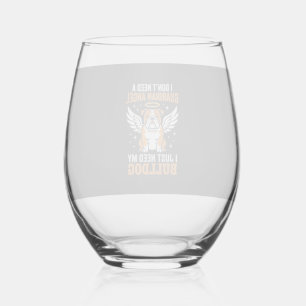 Vaso De Vino Perro ángel de la guarda Bulldog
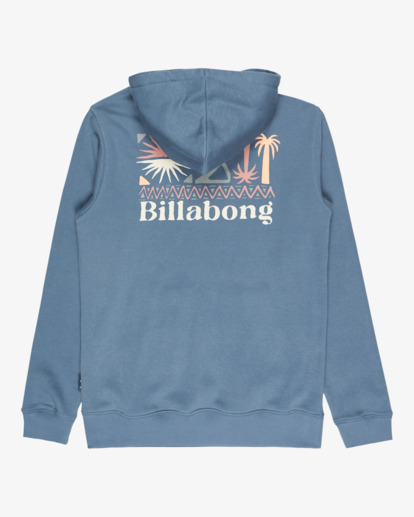 billabong, Foundation Po - Hoodie for Men, SLATE BLUE (bnd0) Foundation Po - Hoodie for Men  EBYSF00175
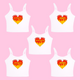 Perfect Match Flame Sorority Tank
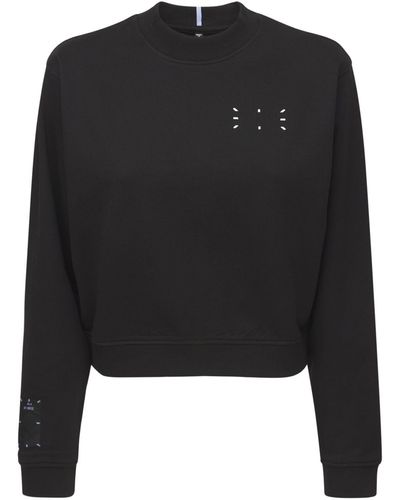 McQ Baumwoll-sweatshirt "icon 0" - Schwarz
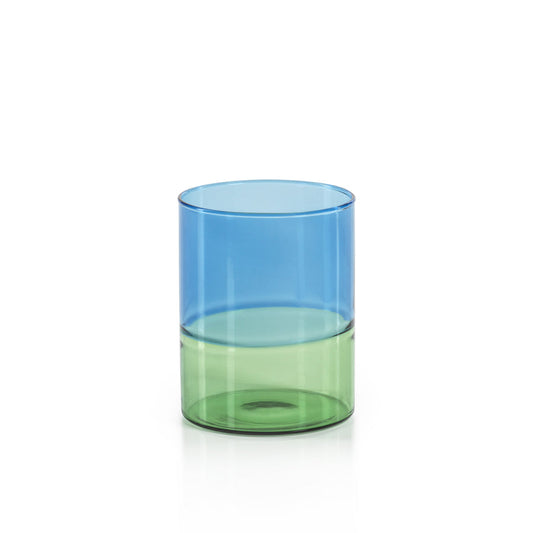 Riviera Two-Toned Glass Tumbler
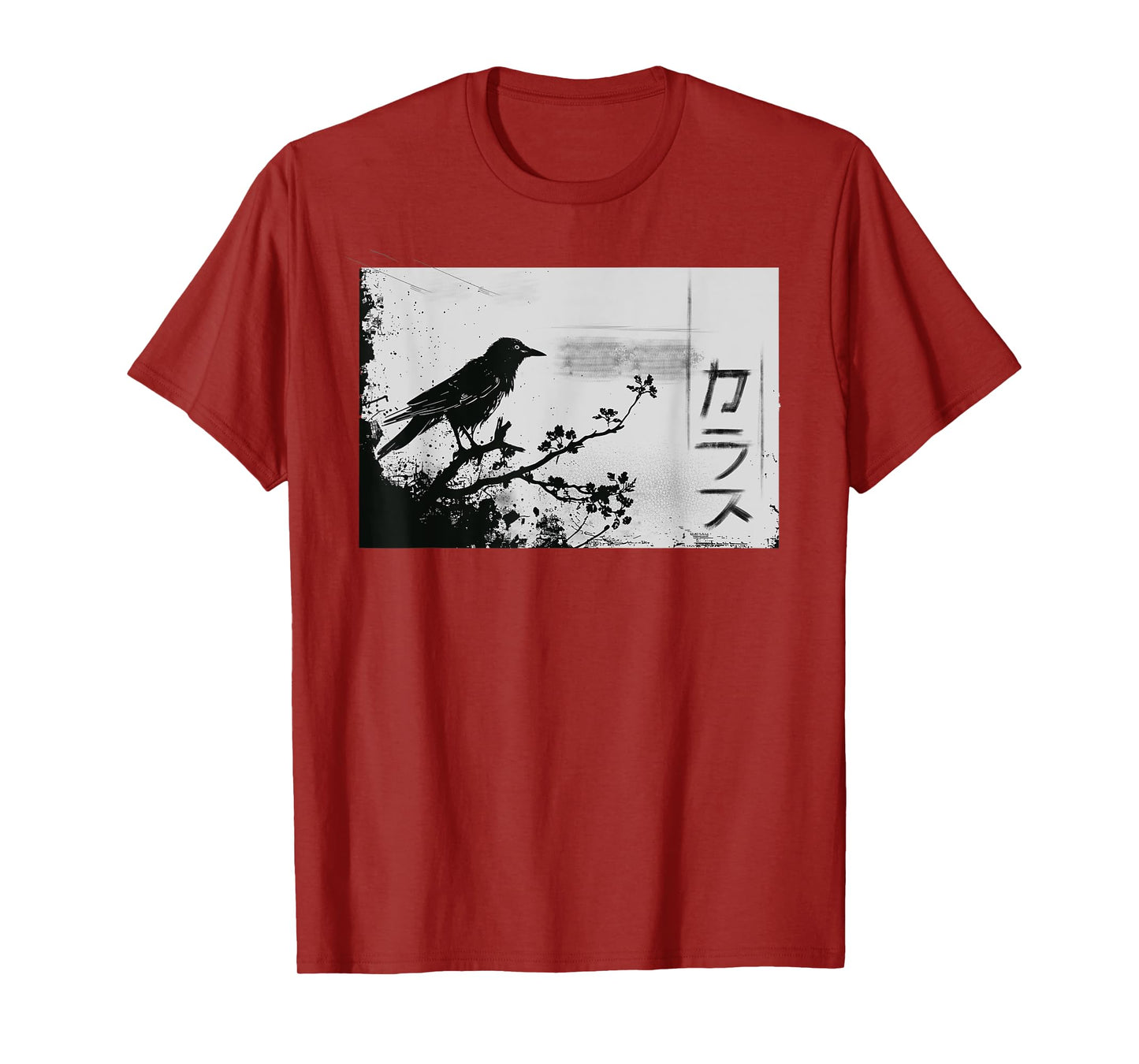 Japanese art, Japanese Kyosai Crow/Raven Woodblock Art Style T-Shirt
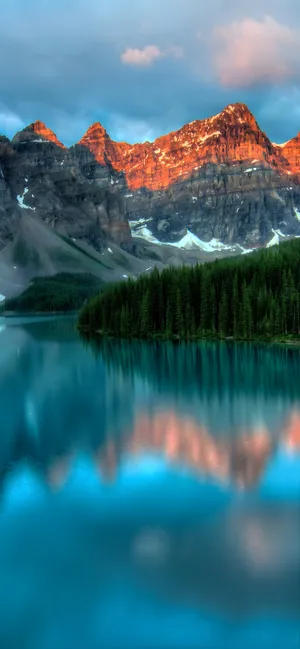 Stunning Mountain Reflection Wallpaper Wallpaper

============================================================

§ TASK TO CARRY OUT: Leaving all pictures aside, print exactly the lines from the one that contains "Perfect Match Flame Sorority Tank" through the last line of the data above, inclusive.

§ WRITTEN SOLUTION:
 Perfect Match Flame Sorority Tank
 McQ Baumwoll-sweatshirt "icon 0" - Schwarz
 Riviera Two-Toned Glass Tumbler
 Japanese art, Japanese Kyosai Crow/Raven Woodblock Art Style T-Shirt
 Stunning Mountain Reflection Wallpaper Wallpaper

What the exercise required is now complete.